Many Pi setups claim to have backups but fail the first real restore. A backup is only valid if recovery has been tested against realistic failure scenarios. This post describes a practical recovery design for personal labs and small production deployments.

1. Define recovery goals

Write these values explicitly:

  • RPO: maximum acceptable data loss
  • RTO: maximum acceptable recovery time
  • Critical services list in recovery order

Example: telemetry ingestion might need fast RTO, while historical archives can wait.

2. Backup scope classification

Split data into classes:

  • system configuration (/etc, service files)
  • application state (databases, queues)
  • user data and media
  • secrets and keys

Treat secrets separately with tighter access controls and rotation policy.

3. Tooling and storage layout

A robust pattern:

  • restic or equivalent for encrypted incremental backups
  • local fast backup target (USB SSD or NAS)
  • remote off-site copy for disaster scenarios

Follow the 3-2-1 principle:

  • 3 copies
  • 2 different media types
  • 1 copy off-site

4. Scheduling and consistency

Use systemd timers or trusted schedulers, not manual runs. For stateful services:

  • quiesce writes or snapshot consistent state
  • dump databases with versioned naming
  • run backup immediately after dump

Inconsistent snapshots are common and often unnoticed until restore time.

5. Restore drill workflow

At least monthly, perform a full drill on spare hardware or VM:

  1. Provision clean OS
  2. Restore configs and secrets
  3. Restore application data
  4. Start services in dependency order
  5. Run smoke tests and compare metrics

Document exact commands and timings. If recovery steps exist only in memory, they will fail under pressure.

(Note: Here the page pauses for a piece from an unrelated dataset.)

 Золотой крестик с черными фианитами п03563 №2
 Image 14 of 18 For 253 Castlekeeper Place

6. Backup validation automation

Add automated checks:

  • backup completion status
  • repository integrity check
  • random file restore test
  • alert if no successful backup in expected window

Silent backup failures are common. Monitoring backup freshness is mandatory.

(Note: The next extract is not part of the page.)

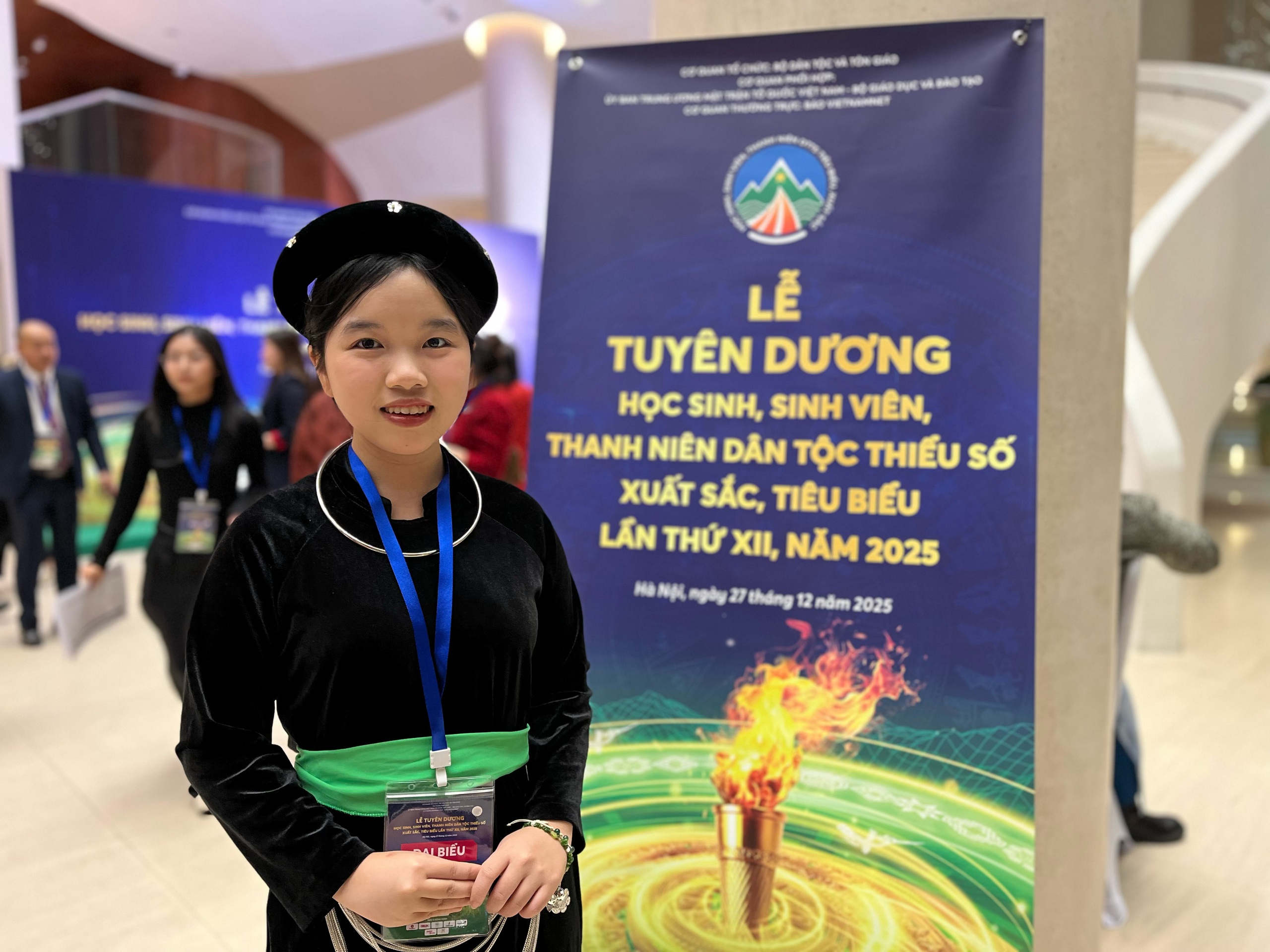 Từ bản làng xa xôi đến ước mơ vươn ra biển lớn- Ảnh 3.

7. Incident response checklist

When failure happens:

  • classify incident type (disk loss, corruption, compromise)
  • choose appropriate restore point
  • rotate compromised credentials after restore
  • verify service correctness, not only process startup

A service can be up and still wrong due to stale or partial data.

8. Post-incident learning

After recovery:

  • update runbook with missing steps
  • adjust retention and frequency if RPO missed
  • remove manual steps by automation where possible

Each incident should leave the platform stronger.

Final note

Disaster recovery is a practice, not a file dump. If you can restore quickly from a written runbook on a bad day, your backup strategy is working.